6)         That’s why Luther says that the Old Adam in us should by daily contrition and repentance be drowned and die with all sins and evil desires. Daily we repent of our sins, thereby drowning the old Adam which only wants to sin and reject God in unbelief. When we repent of our sins and believe the Gospel that God does not impute our sins to us, but instead credits us with Christ’s merits and righteousness, then the New Man arises to live before God in righteousness and purity.  God makes us alive through faith in Christ. The new man is patterned after our Lord Jesus. St. Paul says in Galatians 2:20, I have been crucified with Christ; it is no longer I who live, but Christ lives in me; and the life which I now live in the flesh I live by faith in the Son of God, who loved me and gave Himself for me. This is also what Paul is praying for the Ephesians in today’s appointed Epistle, that they be strengthened with might through His Spirit in the inner man, that Christ may dwell in your hearts through faith, so that they be rooted and grounded in love. (Ephesians 3:16-18) Paul prays the same for the entire church catholic, as do all faithful pastors, that Christ may dwell in your hearts not through feeling, not sight, not intuition, or experience, but by faith, and that you be strengthened in the inner man, that is the New Man with whom God has replaced the Old sinner Adam in all of us. The New Man, the inner man, who lives by faith and not works, trust in Christ’s merits rather than trust in his own merits, that man then does good works that are truly good because he has been made truly good.

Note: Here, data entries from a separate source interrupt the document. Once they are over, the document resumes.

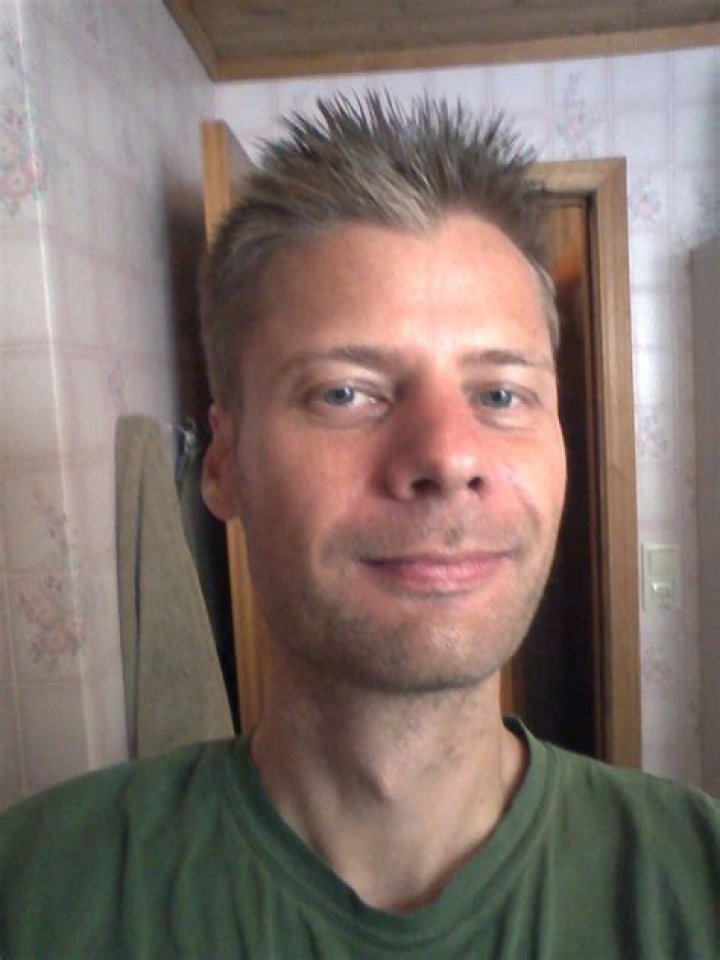 Michael Scheuer Michael Scheuer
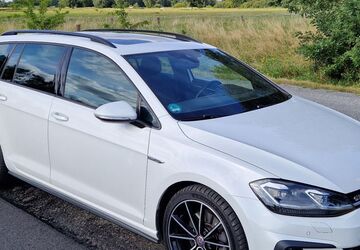 VW Golf 127.500 km 18.500 &euro; Köln 50968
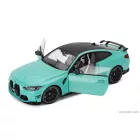 Solido BMW 4-SERIES M4 COUPE COMPETITION (G82) 2025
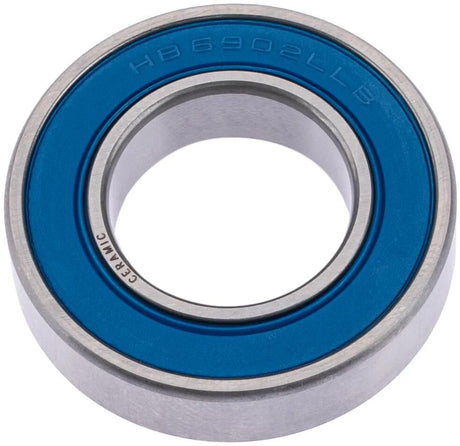 Roulement à billes universel Contec ct cb-471a 6902 llb 15x28x7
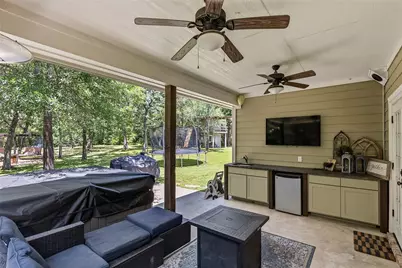 9669 Woodview Drive, College Station, TX 77845 - Photo 36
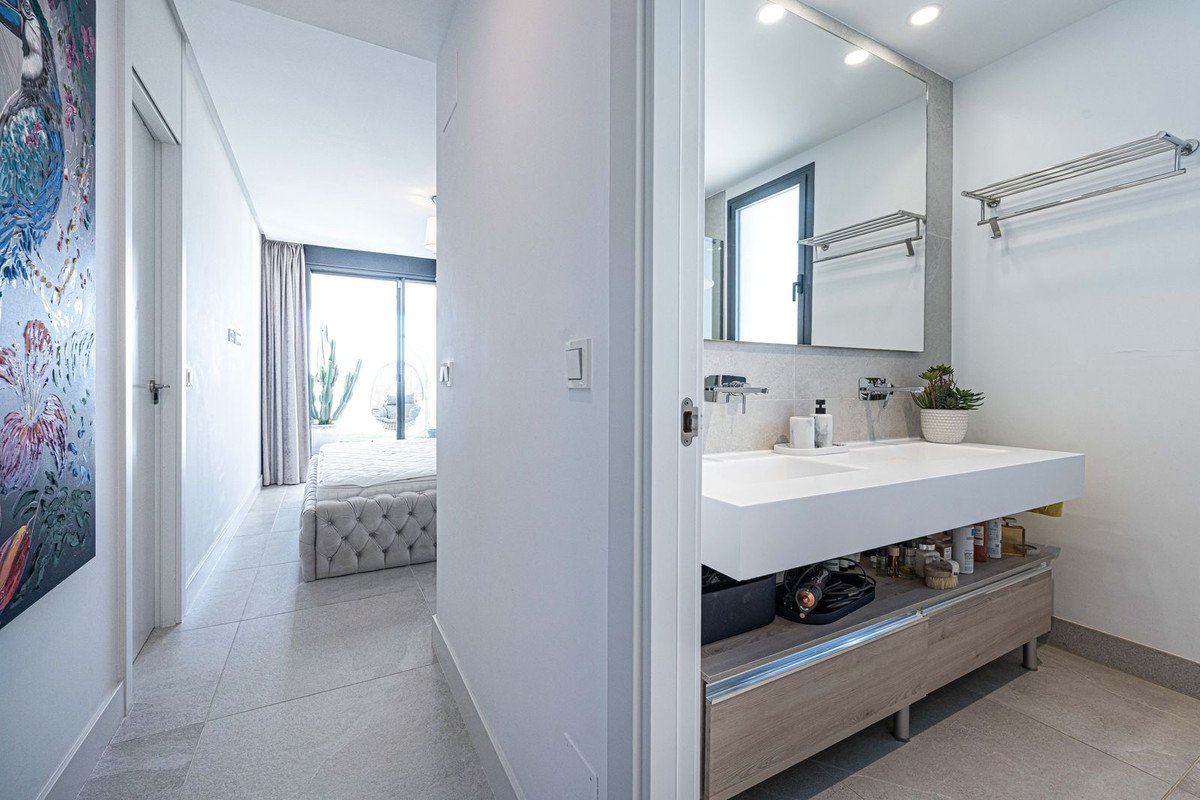 3 Bed Duplex in Cabopino
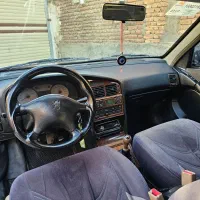 پژو پارس elx|خودرو سواری و وانت|پیرانشهر, |دیوار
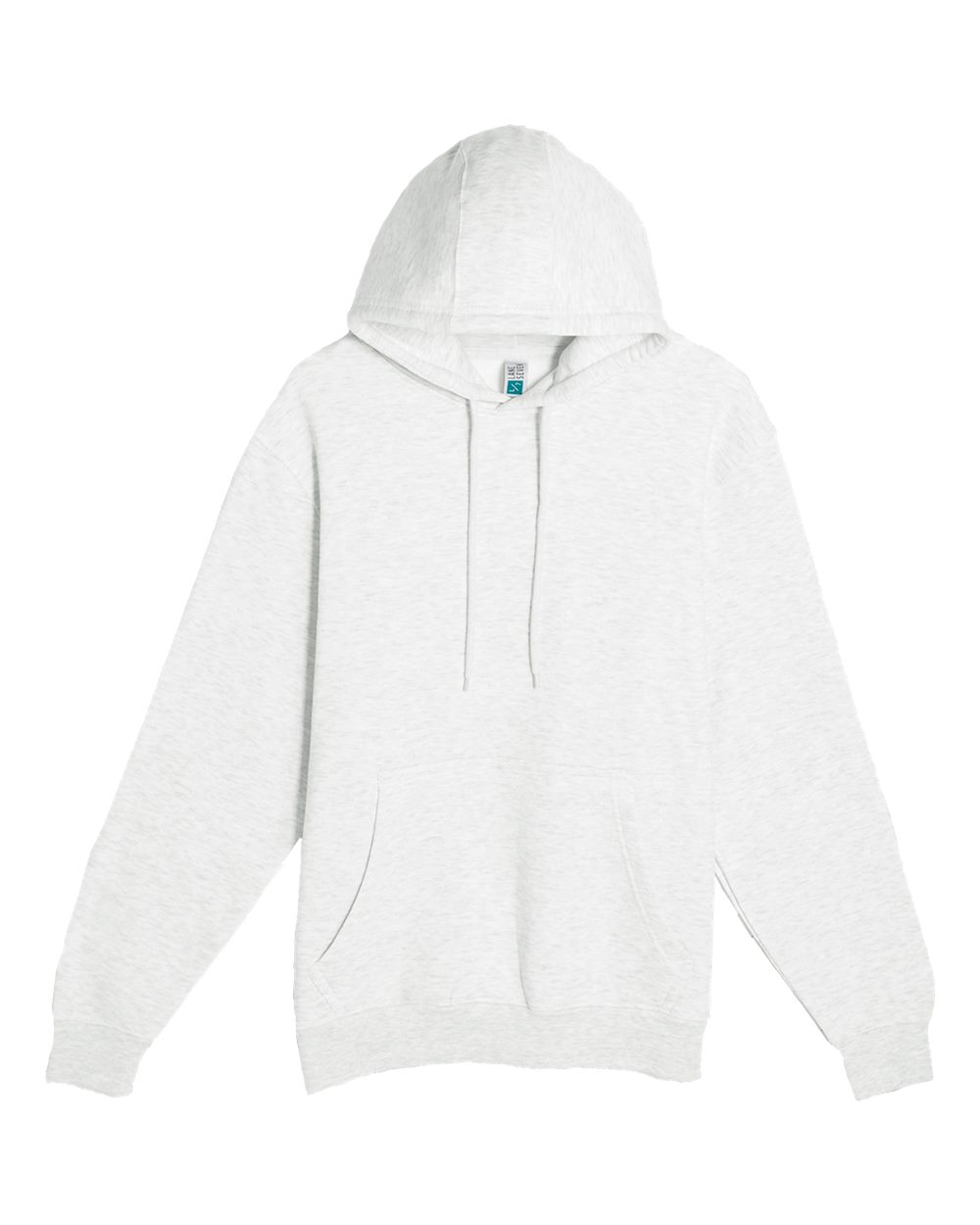 Unisex Premium Pullover Hooded Sweatshirt - LS14001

7)         The Lord wounds and that often hurts. But it is supposed to hurt. God breaks our hearts of stone through His Law, showing us just how truly awful we really are. He does this out of love, so that He can work repentance in us daily. He does this so that He can preach to us the Gospel, that Christ has atoned for all our sins of thought, word, and deed, that Christ has atoned for all our sins done and sins because we left things undone. Christ lived perfectly under God’s law which condemns us continually so that the Holy Spirit can give that righteousness to all who hear the Gospel and believe. The broken sinner cries, Create in me a clean heart, O God. (Psalm 51:10) In the gospel that is just what God does in Christ Jesus our Lord. Do not despise His Law, neither neglect daily contrition nor sorrow over your sins. That is how your Lord Jesus is killing you so that He might raise you to new life, strengthening the inner man by His Gospel, and making you not into better people, but new people, not renovated sinners but baptized and justified children of God through faith in Christ Jesus. Amen.